FIG. 2 is an SNR calculation table.
FIG. 3 is a bit rate calculation table (in the case of a sampling frequency of 48 KHz).
FIG. 4 is an explanatory diagram of bit allocation and bit rate determination control.
FIG. 5 is an explanatory diagram of an average MNR value for an input white noise signal in the prior art.
FIG. 6 is an explanatory diagram of an average MNR value for an input sine wave signal in the prior art.
FIG. 7 is an explanatory diagram of another control of bit allocation and bit rate determination.
FIG. 8 is a configuration diagram of a speech encoding apparatus according to a second embodiment of the present invention.
FIG. 9 is a specific example of a background noise detection unit.
FIG. 10 is a processing flow of the second embodiment.

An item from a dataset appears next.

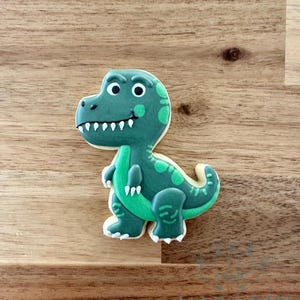 May include: A dinosaur-shaped cookie with green icing and white accents. The cookie features a detailed design with a smiling face, small arms, and a tail. The cookie is decorated with white icing teeth and white icing around the edges.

FIG. 11 is a configuration diagram of a remote monitoring system.
FIG. 12 is a masking threshold characteristic diagram;
FIG. 13 is an explanatory diagram of a frame configuration.
FIG. 14 is an explanatory diagram of the structure of an audio bitstream.
FIG. 15 is a configuration diagram of an audio data portion of an audio bitstream.
FIG. 16 is a configuration diagram of a conventional speech encoder.
FIG. 17 is an explanatory diagram of bit allocation control of a conventional bit allocation unit.
[Explanation of symbols]
31. Band division filter 32 Psychological auditory model 33 Bit allocation unit 34 MNR holding unit 35 Bit rate determination unit 36 Encoding unit 37 encoding the number of quantized bits Calculation unit 38.. Encoding unit 39 that encodes scale factor... Quantization unit 40.

Claims

In a speech encoding apparatus that divides a speech signal into a plurality of bands, assigns a quantization bit number for each band, quantizes and transmits a speech signal in each band with the assigned number of bits,
MNR calculating means for calculating the ratio MNR of the quantization noise level N to the voice mask level M for each band;
MNR setting means for setting the lower limit value of MNR,
Means for comparing the minimum MNR of the MNRs in each band with the set MNR; if the minimum MNR is smaller than the set MNR, means for increasing the number of quantization bits in the band corresponding to the minimum MNR by one;
Until the minimum MNR is equal to or larger than the set MNR, the MNR of each band is calculated, the minimum MNR is compared with the set MNR, and the quantization bit allocation control to the minimum MNR band is performed. Bit allocation means for ending quantization bit allocation control when equal to or greater than the set MNR,
Means for quantizing the audio signal of each band with the assigned number of quantization bits;
Bit rate determining means for determining the bit rate for transmitting audio data in consideration of the number of quantization bits assigned to each band ;
The bit allocating means monitors whether the bit rate obtained from the total number of bits allocated to each band has changed significantly from the bit rate of the previous frame during the quantization bit number allocation process, The bit allocation process is discontinued when changed to, and the quantization means quantizes the audio signal in each band with the number of quantization bits allocated to each band until the bit allocation is terminated.
A speech encoding apparatus characterized by that.